What has been thus caused in Greece is unfortunately not a reform program for the improvement of competitiveness, but rather a destruction of a whole economy related to monetary, fiscal and structural policy. Naturally there are sensible reform elements in the Troika’s agenda like the debureaucratisation and the build-up of an effective tax administration, for example. However this is absolutely secondary in relation to what is happening in relation to demand policy. A severe deflation in foreign trade and a historic one-off destruction of the banking system’s whole equity with an ensuing unprecedented liquidity crisis and credit crunch and a fiscal policy with the elimination of all buffers add up and mutually amplify each other. The public debt crisis is only one manifestation of the liquidity crisis and it is not the primary driver.

(This part of the article has been written long before events of 27th of June during the month of April. I leave it unchanged and will add an update at the end of the economic policy scope and priorities)

What should be done? One school of thought, represented prominently by Hans-Werner Sinn in Germany, supports Greece’s exit from the eurozone in order to reduce unit labour costs and improve the country’s competitiveness in the export market. Such voices are also heard in Greece itself, even within the Syriza party. However, the historic experience with devaluations in Greece is miserable. The country did precisely this from 1982 onwards. Previously, the central bank de facto pegged the dollar exchange rate (until 1975) or devalued within a narrow band (1975 to 1982). The massive devaluation of the drachma from January 1983 onwards strategically uncoupled the USD accounts of shipping companies and the domestic banking system and completely barricaded the domestic banking system for years. This was accompanied by tightened credit and external capital controls. The inflow from shipowners’ remittances from abroad increased steeply in the postwar period up to and including 1981. On the other hand, from 1982 onwards until the introduction of the euro, this inflow stagnated although the shipping companies flying flags of convenience expanded strongly from 1986 onwards. The main point is that merchant shipping is an almost completely dollar-denominated sector. All earnings and the majority of expenditure are made in US dollars. For this reason, an exit from the euro would do nothing for the competitiveness of the most important export industry. Quite the contrary – it would probably lead to the physical abandonment of Greece as an operational centre. Shipowners, their management personnel and technical specialists would relocate to London, New York or Geneva and deprive Greece of its most important export industry. The operational preparations for this have been ongoing for years. The reason would be that they could only obtain loans and additional services such as insurance, payments or hedging through the Baltic Exchange for their highly capital-intensive sector in these financial centres. This has been ruled out in Greece for years or rather decades. The Greek fleet would not only be “invisible” or “missing” in the balance of payments statistics, but rather would have irreversibly disappeared in reality.

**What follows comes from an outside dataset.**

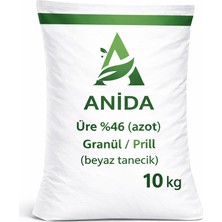 Üre %46 (Azot) Granül/prill (Beyaz Tanecik) 10KG.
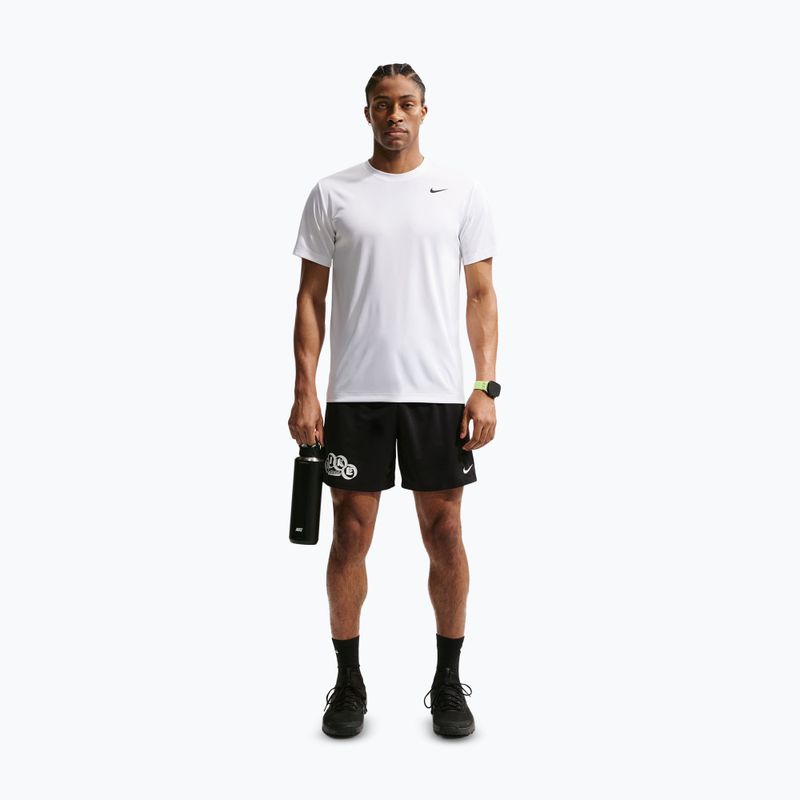 Men's training shorts Nike Flex Dri-Fit 7" black/white 2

The tourism sector, the country’s second most important export industry, would in no way be impacted positively by an exit from the euro, the return to the drachma and a massive devaluation. Admittedly export demand would increase massively after a long transitional period of instability. However, there are tight limitations on a purely demand-driven export boom. Tourism in Greece is mainly seasonal tourism. Everything is concentrated on the four to five summer months. Capacity utilisation in this time period is also already high and achieves 80 – 90%. The analysis of hotel capacity and the overnight stay figures since the middle of the 1970s in the background text impressively shows that the supply effects of the currency regime are more important. Hotel capacity was built up when the currency was stable, interest rates were low and credit was available. This was the case in the 1970s, from 1995 in the higher added-value four-star segment and from 2002 onwards especially in the five-star segment. It is only in these two segments, especially in the five-star segments, that there is further growth potential. In this regard, capacity expansions can only be achieved by new construction or by comprehensive modernisation/renovation/expansion. Both require very high capital investment which cannot be obtained from the hotels’ ongoing operation. Borrowing is indispensable. This differentiates the construction of four - and five-star hotels from the traditional family hotels of lower classification. This is not possible with a devalued drachma and interest rates with high risk premia. The position is exactly the reverse of the popular conception that devaluation would have a positive effect. The growth potential of the tourism sector lies in the five-star and hotel sector and at most the four-star sector. Both these sectors are very capital-intensive. Investments in this sector are heavily dependent on very low and stable interest rates. This growth sector will only have an opportunity to fulfil its potential if Greece remains in the euro and there is a return to very low interest rates and normal credit availability.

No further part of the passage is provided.